- Supplied material
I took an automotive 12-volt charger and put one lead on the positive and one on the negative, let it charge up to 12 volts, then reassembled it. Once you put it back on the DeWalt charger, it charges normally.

...

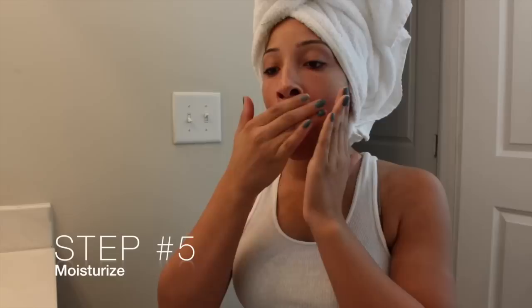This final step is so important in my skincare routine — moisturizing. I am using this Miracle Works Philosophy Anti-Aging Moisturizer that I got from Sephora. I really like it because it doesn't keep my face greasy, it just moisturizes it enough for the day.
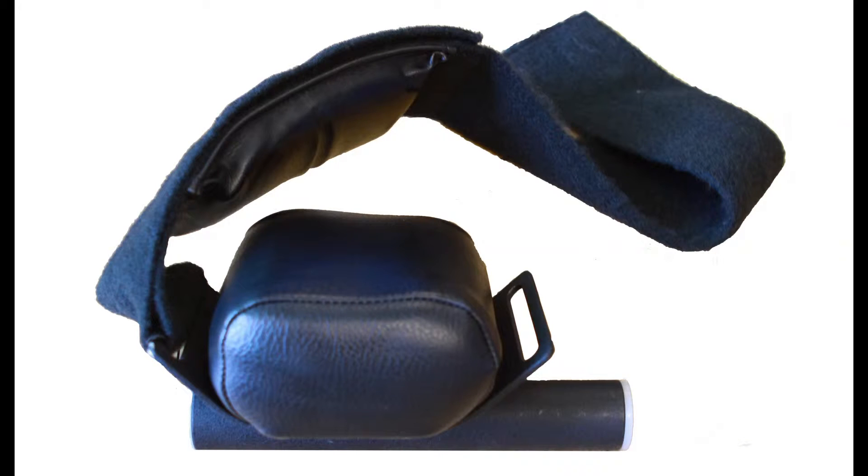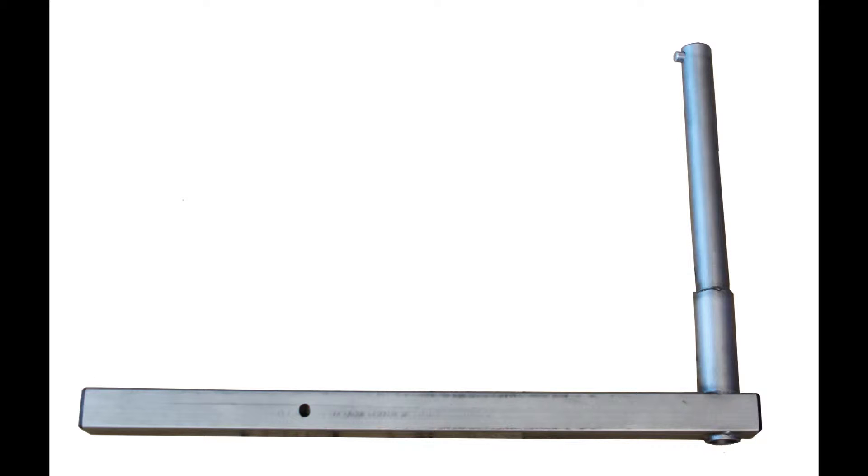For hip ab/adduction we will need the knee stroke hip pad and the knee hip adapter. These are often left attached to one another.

- Task item
Please output, exactly as written, the lines above from the one holding "This final step" through the one holding "For hip ab/adduction", both included, with the pictures omitted.

- Exercise response
This final step is so important in my skincare routine — moisturizing. I am using this Miracle Works Philosophy Anti-Aging Moisturizer that I got from Sephora. I really like it because it doesn't keep my face greasy, it just moisturizes it enough for the day.
For hip ab/adduction we will need the knee stroke hip pad and the knee hip adapter. These are often left attached to one another.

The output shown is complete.